Your task>
Down to the last line below, repeat the entries word for word and drop the pictures.

Source material>

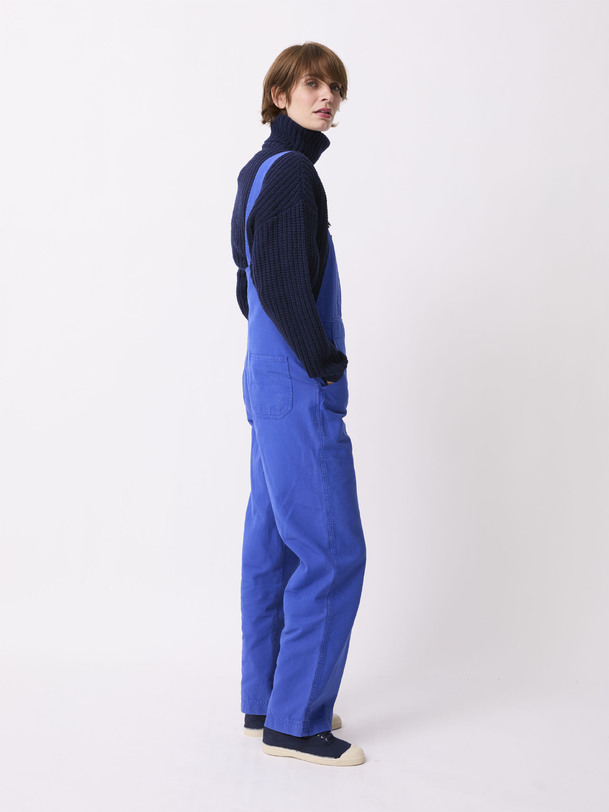 PAOLINA DUNGAREES -  Sapphire , Ready-to-wear Bensimon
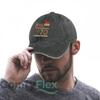 April 1970 Legend Born Fashion Washed Baseball Cap Hat Outdoor Activities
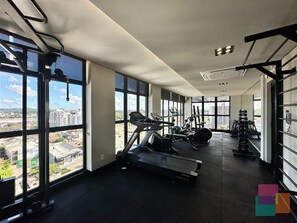 Sala de fitness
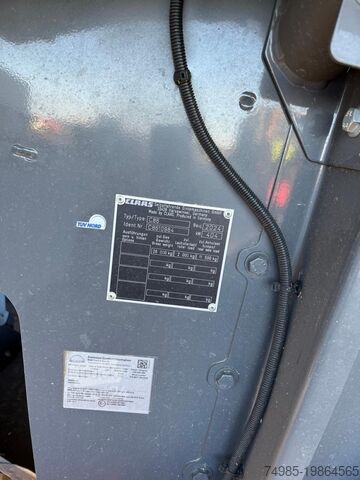 Mähdrescher CLAAS Lexion 8600 TT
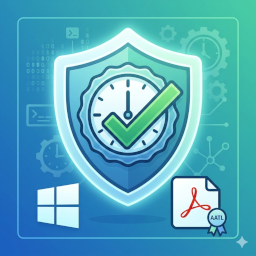 無料タイムスタンプサーバー一覧とルート証明書の信頼済みリスト対応状況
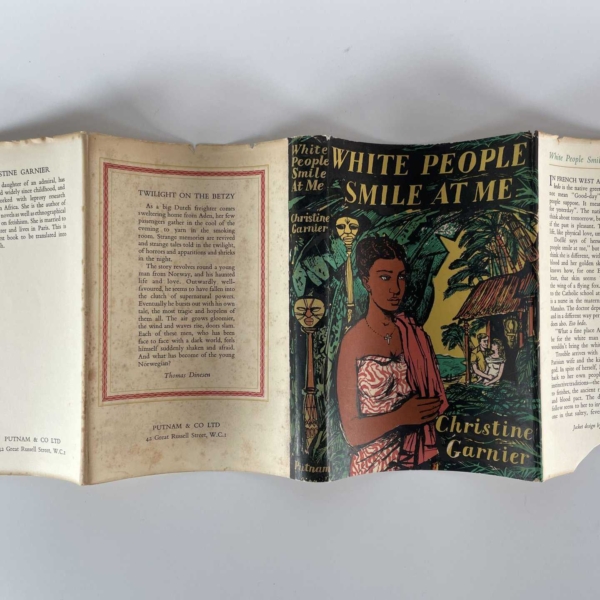 christine garnier white people smile at me first ed4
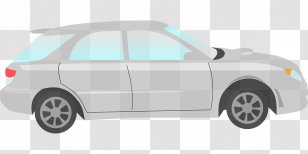 Subaru Impreza WRX STI Rex Car Door - Automotive Design Transparent PNG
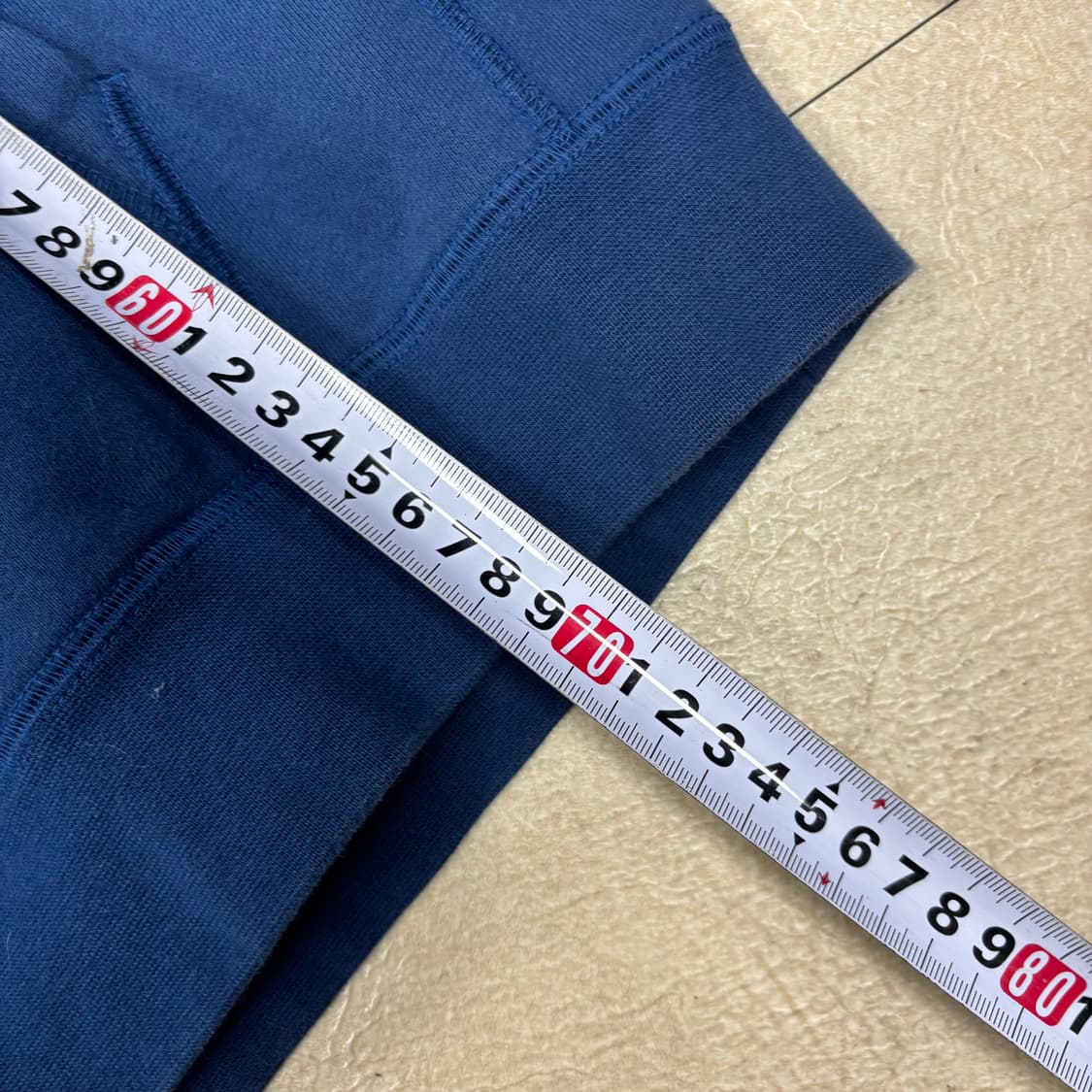나이키 에어 빅로고 블루 후드티 상품이미지4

Answer to the exercise>
 PAOLINA DUNGAREES -  Sapphire , Ready-to-wear Bensimon
 April 1970 Legend Born Fashion Washed Baseball Cap Hat Outdoor Activities
 Sala de fitness
 Mähdrescher CLAAS Lexion 8600 TT
 無料タイムスタンプサーバー一覧とルート証明書の信頼済みリスト対応状況
 christine garnier white people smile at me first ed4
 Subaru Impreza WRX STI Rex Car Door - Automotive Design Transparent PNG
나이키 에어 빅로고 블루 후드티 상품이미지4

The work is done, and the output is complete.